Last week I planted my tomato seeds, gave them a good drink of water, and put them to bed on the heated floor in my bathroom. In six days they stuck their thread-like stems above the soil and opened two itsy-bitsy, miniscule, leaves.

From such a tiny beginning, it is hard to believe that plants taller than me bearing fruit larger than my fist will come from these green hairs. But I’ve learned to not despise small beginnings. Not just those in my garden, but also in my life.

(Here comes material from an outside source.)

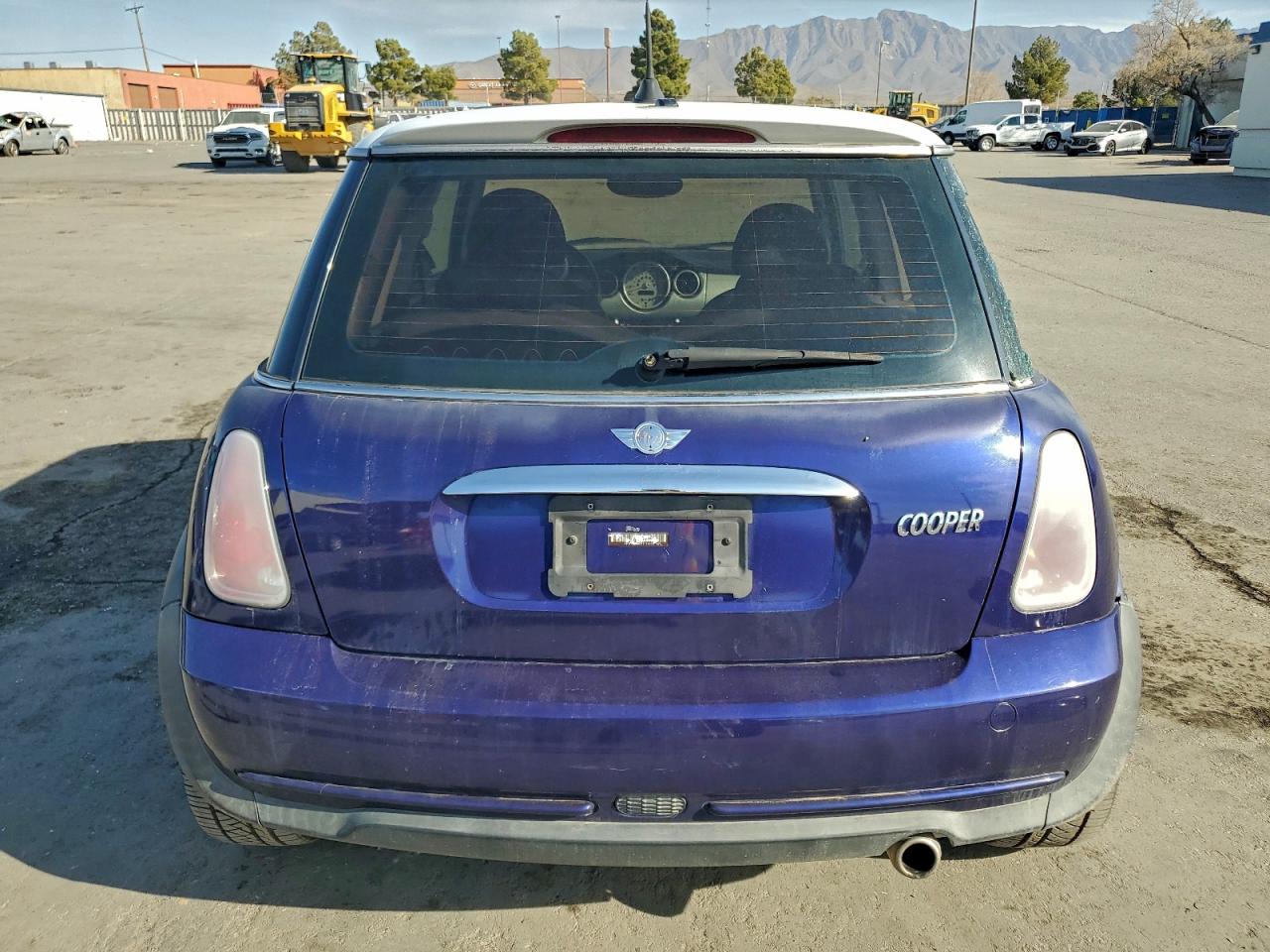 MINI Cooper Image 2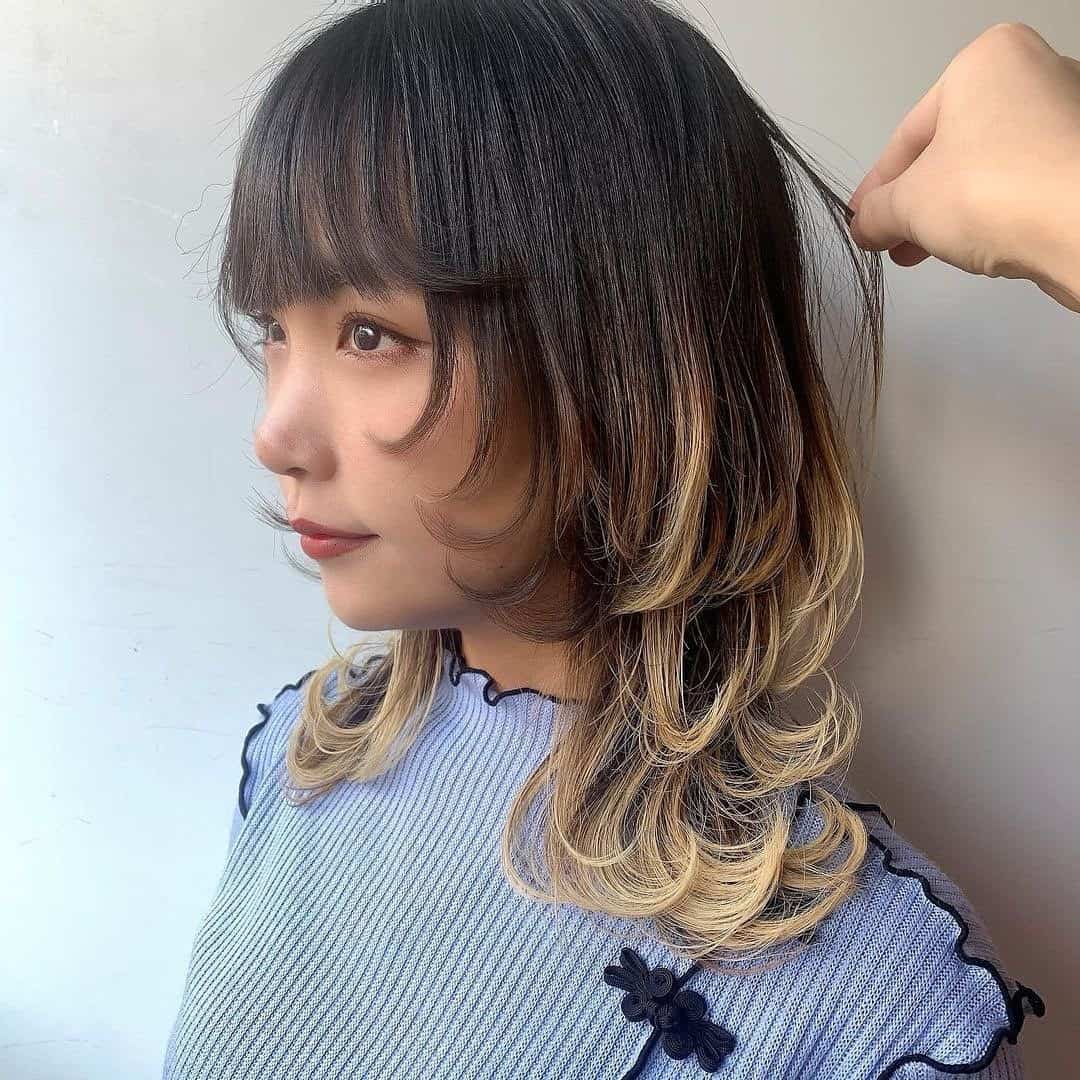 Wolf Haircut With Bangs With Highlights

I tend to my little veggies with diligence. Connie Gayer, friend and master gardener, taught me to “pet” my plants each day by running my hand gently over them to simulate the wind blowing them because this strengthens their stems.

Sometimes life blows over me, bending my plans, but you know what? I learn to stand up again, stronger than before.

As my plants grow, I move them to larger pots so they can stretch out their roots and drink in more nourishment. However, the transplant sometimes throws them into a brief bit of a shock. But they quickly recover and grow into “teen-veggies.”

There have been times my plans have been uprooted and transplanted. The shock is uncomfortable and disheartening. Heck, it is often downright frightening. But in time, with an optimistic attitude, I stretch my roots in the new soil and after a while I discover I’ve grown.

Then comes the day my veggies must get about the business for their existence—feeding my family and friends. They are planted in the garden, no longer under the protection of the greenhouse, but out in the elements. Sure, I’ll make sure they have water, but they will have to weather the storms and Japanese beetles. And each year—I must say—my veggies have done a great job.

The day comes in all of our lives when we must get about the business of life, weathering the storms and predators. But we can do it, if we do not give up.
Don’t despise small beginnings, or changes. Stay diligent and you will “bear fruit!”